▸ PROVIDED RECORDS:
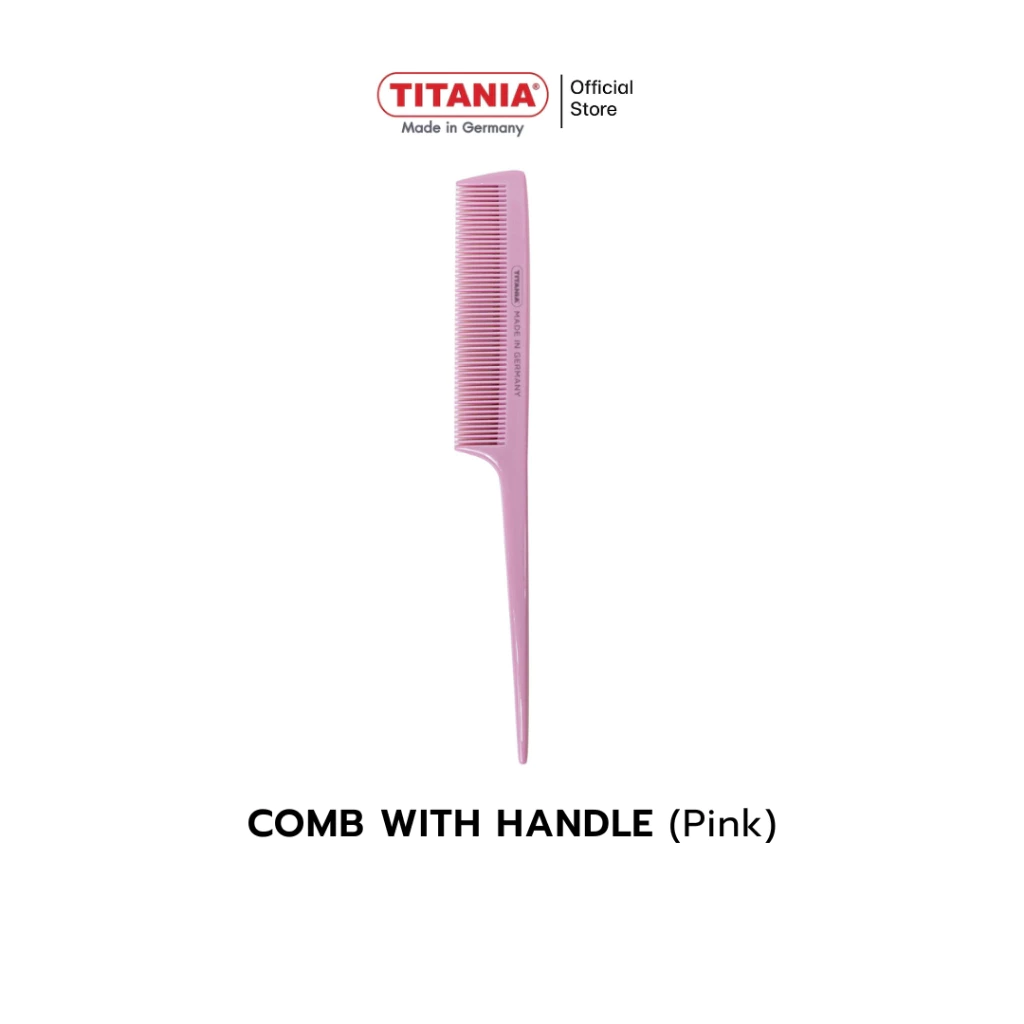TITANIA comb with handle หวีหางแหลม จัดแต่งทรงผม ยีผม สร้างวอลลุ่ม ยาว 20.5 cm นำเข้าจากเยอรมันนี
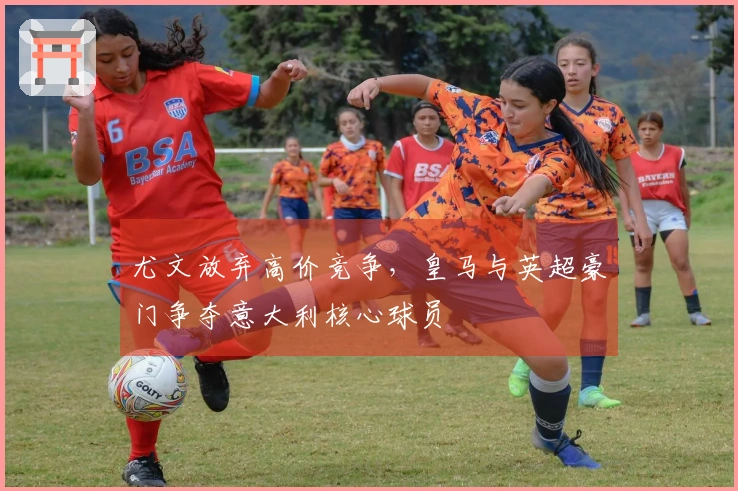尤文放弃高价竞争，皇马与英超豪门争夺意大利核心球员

==

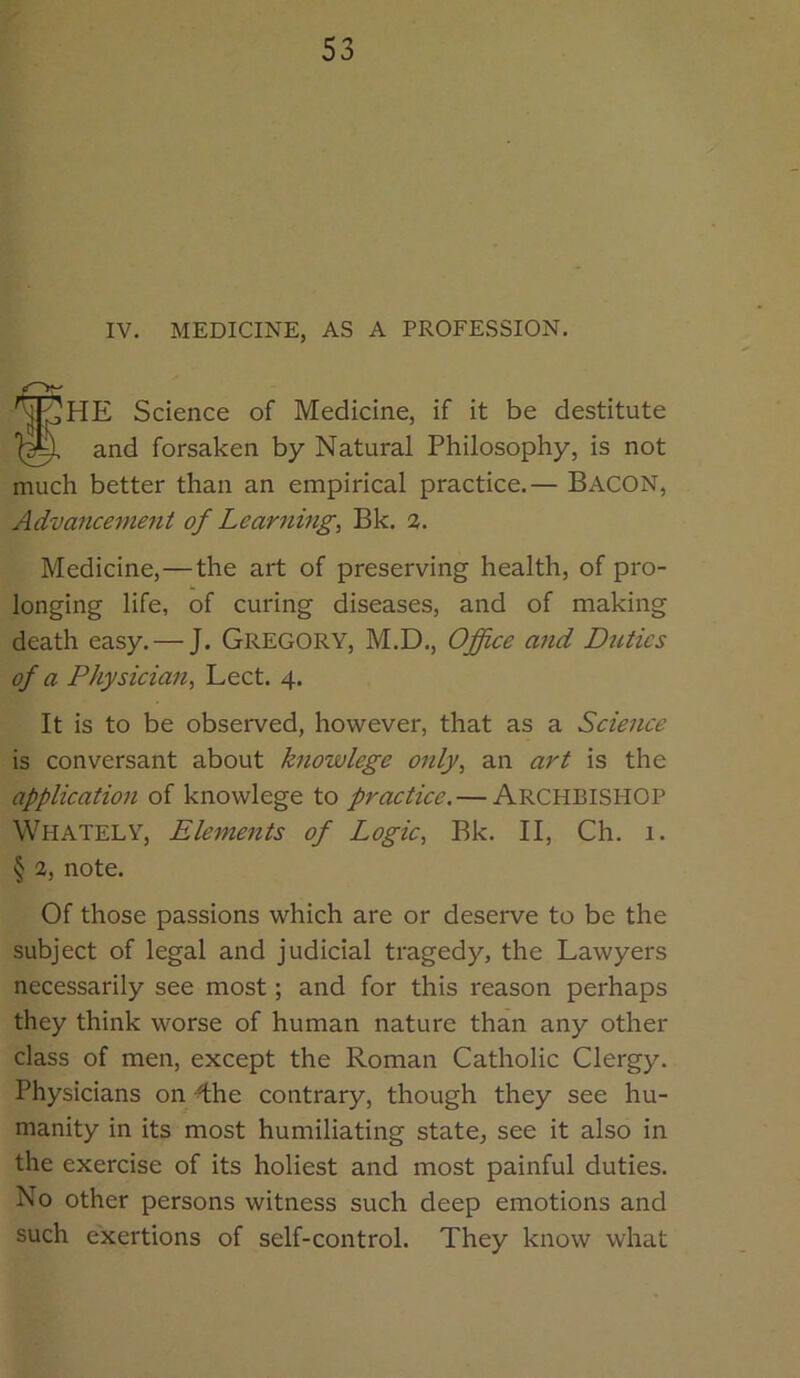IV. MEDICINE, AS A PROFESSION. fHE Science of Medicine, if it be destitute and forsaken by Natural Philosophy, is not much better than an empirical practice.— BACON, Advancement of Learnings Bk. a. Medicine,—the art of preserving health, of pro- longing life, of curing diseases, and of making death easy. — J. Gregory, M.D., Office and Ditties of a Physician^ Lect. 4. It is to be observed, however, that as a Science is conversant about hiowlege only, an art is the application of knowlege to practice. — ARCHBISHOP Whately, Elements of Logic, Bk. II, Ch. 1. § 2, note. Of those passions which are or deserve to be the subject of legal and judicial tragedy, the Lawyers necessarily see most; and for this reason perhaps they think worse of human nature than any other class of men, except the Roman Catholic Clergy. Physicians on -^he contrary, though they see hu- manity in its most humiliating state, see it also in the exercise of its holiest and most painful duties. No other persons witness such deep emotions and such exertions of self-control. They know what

--

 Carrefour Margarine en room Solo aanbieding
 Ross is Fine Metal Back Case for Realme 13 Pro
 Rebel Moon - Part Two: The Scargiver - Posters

▸ WHAT THIS TASK INVOLVES:
The answer is the lines above between the line holding "Ross is Fine" and the line holding "Rebel Moon - Part", inclusive, each written out exactly, and no others.

▸ WRITTEN ANSWER:
 Ross is Fine Metal Back Case for Realme 13 Pro
 Rebel Moon - Part Two: The Scargiver - Posters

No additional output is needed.